** Opening Material for this task block **

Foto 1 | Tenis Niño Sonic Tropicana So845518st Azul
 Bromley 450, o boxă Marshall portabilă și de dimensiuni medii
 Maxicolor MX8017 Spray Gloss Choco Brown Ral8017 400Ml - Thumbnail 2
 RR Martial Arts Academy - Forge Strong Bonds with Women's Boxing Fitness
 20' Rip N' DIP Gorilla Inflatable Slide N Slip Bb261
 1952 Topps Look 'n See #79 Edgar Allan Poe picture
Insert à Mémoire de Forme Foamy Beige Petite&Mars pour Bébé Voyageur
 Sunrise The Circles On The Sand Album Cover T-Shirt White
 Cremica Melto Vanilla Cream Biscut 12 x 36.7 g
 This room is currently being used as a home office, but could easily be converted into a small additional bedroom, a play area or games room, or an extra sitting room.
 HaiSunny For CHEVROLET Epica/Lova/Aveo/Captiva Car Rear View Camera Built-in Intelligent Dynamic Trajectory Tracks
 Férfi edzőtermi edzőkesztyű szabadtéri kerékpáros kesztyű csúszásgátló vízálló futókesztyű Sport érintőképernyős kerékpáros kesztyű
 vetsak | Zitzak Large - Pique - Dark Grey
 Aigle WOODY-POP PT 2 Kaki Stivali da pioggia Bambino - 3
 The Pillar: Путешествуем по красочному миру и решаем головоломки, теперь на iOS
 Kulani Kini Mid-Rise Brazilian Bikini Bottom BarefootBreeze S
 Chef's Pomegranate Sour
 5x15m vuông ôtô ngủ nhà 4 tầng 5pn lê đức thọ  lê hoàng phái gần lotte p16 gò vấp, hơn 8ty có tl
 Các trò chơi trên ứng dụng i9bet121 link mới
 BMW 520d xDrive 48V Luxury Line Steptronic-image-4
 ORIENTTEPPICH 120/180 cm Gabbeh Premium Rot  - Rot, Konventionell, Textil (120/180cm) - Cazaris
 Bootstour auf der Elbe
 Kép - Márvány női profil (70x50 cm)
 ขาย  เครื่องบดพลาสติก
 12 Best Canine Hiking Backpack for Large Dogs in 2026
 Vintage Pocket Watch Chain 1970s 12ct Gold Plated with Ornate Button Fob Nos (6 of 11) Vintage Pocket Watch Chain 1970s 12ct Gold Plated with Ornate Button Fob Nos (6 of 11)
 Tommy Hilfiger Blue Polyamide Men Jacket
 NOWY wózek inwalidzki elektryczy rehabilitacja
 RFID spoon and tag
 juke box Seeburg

** Closing Material for this task block **

▶ _Exercise goal_: Using the records above, find and show each line with the string "Large".

▶ _Written response_:
 vetsak | Zitzak Large - Pique - Dark Grey
 12 Best Canine Hiking Backpack for Large Dogs in 2026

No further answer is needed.